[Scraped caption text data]
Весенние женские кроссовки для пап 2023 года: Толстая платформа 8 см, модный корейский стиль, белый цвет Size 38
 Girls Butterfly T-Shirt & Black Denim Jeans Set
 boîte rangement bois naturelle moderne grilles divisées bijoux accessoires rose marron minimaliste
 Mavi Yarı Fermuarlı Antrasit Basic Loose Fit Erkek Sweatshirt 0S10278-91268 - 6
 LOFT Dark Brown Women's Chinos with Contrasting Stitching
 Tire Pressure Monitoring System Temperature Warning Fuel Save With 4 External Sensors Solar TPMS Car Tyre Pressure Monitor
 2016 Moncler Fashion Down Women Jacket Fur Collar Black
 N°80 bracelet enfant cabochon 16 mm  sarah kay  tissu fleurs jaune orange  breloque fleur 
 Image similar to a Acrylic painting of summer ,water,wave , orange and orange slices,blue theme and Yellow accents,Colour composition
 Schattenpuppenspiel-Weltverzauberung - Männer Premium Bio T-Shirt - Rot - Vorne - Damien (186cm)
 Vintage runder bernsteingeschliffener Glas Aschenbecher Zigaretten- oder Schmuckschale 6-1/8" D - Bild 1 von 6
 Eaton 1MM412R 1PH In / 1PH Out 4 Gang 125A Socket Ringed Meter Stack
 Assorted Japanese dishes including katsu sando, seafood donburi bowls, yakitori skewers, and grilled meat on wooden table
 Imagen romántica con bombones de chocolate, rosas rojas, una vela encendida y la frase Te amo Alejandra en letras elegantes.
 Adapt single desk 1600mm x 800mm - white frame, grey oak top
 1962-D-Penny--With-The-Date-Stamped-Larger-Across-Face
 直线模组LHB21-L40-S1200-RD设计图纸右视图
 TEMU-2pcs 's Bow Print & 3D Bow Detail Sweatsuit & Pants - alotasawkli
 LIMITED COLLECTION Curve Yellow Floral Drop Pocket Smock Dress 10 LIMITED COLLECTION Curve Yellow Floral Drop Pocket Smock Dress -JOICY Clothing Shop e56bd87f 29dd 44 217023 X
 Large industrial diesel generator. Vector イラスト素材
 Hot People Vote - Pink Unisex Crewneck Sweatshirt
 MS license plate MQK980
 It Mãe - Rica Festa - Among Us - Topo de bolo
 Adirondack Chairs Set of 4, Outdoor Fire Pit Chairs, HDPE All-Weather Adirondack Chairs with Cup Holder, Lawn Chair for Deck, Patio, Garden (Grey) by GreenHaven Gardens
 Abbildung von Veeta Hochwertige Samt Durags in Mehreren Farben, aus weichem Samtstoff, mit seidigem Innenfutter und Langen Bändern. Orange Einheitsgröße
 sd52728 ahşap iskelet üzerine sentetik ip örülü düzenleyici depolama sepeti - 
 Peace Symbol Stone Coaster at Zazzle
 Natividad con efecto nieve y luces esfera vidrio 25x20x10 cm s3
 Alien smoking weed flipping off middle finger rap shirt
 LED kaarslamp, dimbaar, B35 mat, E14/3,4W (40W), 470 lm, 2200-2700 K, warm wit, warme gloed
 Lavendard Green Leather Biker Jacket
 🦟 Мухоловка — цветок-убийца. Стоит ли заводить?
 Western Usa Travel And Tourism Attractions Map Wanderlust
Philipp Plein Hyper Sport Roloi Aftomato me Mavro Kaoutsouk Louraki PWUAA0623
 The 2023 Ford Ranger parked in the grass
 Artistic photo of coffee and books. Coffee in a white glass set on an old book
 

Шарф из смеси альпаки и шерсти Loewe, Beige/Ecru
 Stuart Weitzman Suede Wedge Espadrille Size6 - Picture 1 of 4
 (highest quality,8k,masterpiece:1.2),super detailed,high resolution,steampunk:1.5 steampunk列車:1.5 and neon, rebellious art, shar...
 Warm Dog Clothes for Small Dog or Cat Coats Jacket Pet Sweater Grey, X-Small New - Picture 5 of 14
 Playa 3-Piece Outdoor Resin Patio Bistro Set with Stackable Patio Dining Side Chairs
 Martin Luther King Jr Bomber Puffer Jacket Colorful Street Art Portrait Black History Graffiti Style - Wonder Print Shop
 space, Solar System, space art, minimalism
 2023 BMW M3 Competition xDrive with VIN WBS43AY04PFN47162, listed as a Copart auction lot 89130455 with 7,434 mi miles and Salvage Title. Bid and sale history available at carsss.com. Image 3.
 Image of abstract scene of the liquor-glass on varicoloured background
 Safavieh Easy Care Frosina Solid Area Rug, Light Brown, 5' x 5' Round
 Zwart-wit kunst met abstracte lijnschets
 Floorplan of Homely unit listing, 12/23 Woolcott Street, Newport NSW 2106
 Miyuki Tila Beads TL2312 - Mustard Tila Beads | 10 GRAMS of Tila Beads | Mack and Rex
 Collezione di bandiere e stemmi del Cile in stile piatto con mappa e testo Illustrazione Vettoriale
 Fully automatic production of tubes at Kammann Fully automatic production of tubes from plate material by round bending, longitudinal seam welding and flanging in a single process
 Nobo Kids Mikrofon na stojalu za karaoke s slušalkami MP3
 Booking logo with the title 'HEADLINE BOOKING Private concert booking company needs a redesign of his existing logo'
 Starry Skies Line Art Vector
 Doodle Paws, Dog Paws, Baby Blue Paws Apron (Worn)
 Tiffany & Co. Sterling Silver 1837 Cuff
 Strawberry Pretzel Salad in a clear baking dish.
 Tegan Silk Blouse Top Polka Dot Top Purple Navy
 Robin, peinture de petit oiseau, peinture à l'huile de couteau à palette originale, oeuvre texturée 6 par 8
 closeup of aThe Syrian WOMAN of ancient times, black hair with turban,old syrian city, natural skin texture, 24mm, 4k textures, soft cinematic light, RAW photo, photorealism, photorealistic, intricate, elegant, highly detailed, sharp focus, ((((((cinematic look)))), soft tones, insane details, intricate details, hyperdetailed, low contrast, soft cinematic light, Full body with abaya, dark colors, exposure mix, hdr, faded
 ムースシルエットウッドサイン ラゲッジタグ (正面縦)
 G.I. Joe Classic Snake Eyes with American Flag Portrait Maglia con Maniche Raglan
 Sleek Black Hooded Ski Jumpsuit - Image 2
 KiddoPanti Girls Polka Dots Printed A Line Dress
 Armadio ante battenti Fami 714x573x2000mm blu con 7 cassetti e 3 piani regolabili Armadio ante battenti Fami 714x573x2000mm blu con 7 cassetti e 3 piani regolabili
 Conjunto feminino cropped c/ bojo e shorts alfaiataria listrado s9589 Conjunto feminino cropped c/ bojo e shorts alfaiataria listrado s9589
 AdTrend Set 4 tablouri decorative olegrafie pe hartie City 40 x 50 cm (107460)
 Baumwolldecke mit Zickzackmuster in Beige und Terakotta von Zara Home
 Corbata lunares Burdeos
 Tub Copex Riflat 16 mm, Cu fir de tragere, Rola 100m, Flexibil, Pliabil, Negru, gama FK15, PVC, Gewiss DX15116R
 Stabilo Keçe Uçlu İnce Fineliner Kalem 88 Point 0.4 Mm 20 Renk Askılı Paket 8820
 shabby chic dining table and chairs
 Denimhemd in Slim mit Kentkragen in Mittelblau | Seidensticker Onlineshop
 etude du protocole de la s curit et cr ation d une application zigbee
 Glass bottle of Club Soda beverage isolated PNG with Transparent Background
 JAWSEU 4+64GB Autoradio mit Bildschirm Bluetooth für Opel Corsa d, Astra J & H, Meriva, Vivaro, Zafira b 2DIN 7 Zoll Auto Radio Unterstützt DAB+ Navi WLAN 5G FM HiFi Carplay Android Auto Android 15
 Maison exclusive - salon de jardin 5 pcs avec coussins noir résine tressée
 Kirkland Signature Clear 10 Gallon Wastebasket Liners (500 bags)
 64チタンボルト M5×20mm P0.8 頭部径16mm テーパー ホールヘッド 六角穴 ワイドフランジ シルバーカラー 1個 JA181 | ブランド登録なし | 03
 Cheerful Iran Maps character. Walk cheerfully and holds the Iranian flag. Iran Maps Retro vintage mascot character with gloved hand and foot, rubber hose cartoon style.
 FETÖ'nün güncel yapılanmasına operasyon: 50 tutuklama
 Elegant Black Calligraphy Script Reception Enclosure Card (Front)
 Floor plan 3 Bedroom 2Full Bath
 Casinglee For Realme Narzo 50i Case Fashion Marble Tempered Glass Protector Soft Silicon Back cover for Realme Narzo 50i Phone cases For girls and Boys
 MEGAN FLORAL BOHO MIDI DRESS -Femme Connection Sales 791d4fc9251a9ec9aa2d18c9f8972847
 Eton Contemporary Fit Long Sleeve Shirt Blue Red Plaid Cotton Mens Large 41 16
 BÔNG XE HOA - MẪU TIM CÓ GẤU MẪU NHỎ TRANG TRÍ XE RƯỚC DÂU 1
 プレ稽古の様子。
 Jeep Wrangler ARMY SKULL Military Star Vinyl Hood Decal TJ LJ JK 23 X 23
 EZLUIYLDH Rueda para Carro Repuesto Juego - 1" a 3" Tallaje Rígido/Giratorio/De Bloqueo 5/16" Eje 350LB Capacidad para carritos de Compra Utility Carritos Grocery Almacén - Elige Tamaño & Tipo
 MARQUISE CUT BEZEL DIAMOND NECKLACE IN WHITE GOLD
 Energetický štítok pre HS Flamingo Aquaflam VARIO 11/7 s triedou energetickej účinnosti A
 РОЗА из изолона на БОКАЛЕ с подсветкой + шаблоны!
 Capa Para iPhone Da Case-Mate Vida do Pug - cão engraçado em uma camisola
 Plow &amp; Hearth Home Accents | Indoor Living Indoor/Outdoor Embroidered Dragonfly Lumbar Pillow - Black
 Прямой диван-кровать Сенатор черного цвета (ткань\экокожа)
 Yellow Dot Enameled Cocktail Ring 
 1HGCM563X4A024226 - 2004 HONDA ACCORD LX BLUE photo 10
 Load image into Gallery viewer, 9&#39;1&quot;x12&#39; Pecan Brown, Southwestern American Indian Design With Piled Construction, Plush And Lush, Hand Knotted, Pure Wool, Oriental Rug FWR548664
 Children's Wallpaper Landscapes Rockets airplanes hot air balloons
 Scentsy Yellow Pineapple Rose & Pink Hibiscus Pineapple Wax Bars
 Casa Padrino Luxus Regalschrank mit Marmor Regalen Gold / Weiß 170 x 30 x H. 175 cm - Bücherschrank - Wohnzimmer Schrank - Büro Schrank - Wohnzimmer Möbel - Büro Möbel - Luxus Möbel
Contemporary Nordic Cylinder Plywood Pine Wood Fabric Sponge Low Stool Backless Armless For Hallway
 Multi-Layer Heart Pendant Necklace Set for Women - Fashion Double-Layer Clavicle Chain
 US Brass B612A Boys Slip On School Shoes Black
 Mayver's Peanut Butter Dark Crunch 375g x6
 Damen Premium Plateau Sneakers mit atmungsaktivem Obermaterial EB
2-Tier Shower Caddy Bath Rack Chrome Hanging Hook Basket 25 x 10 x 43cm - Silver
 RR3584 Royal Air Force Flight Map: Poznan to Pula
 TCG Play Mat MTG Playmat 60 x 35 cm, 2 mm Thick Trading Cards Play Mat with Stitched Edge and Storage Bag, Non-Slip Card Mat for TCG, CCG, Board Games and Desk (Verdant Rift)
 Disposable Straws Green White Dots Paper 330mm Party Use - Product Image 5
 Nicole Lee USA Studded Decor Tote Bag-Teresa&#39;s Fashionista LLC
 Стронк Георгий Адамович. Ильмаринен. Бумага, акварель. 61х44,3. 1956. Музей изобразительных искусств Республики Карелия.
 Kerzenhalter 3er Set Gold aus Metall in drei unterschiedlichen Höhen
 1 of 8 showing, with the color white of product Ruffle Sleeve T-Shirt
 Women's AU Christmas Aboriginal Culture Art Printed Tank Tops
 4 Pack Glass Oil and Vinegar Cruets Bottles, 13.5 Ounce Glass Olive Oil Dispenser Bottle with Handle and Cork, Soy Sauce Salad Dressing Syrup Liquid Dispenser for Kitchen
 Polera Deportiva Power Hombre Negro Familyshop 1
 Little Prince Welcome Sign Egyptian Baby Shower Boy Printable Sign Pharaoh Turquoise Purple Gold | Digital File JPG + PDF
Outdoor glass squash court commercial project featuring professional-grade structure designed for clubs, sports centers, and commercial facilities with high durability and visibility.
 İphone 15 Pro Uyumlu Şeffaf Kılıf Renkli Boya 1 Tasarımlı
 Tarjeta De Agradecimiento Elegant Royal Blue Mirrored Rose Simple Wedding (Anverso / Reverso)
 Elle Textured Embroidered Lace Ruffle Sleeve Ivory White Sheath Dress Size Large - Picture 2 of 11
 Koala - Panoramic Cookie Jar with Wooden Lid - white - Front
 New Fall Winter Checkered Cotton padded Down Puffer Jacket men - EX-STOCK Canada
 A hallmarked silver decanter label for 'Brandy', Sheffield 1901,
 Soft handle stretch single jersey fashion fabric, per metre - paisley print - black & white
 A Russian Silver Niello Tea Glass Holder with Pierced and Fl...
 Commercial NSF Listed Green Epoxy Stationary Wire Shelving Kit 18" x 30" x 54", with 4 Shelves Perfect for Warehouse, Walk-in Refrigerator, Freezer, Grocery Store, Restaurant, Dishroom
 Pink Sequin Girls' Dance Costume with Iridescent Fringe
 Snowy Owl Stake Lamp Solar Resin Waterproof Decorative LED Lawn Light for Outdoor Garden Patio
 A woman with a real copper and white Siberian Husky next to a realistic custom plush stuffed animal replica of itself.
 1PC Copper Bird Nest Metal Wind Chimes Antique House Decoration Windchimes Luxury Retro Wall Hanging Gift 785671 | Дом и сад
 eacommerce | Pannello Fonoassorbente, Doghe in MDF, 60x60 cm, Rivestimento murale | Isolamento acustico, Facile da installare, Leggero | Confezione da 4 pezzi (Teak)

- **TASK DETAILS**:
Return the lines above that include the string "Shower".

- **WRITTEN REPLY**:
2-Tier Shower Caddy Bath Rack Chrome Hanging Hook Basket 25 x 10 x 43cm - Silver
 Little Prince Welcome Sign Egyptian Baby Shower Boy Printable Sign Pharaoh Turquoise Purple Gold | Digital File JPG + PDF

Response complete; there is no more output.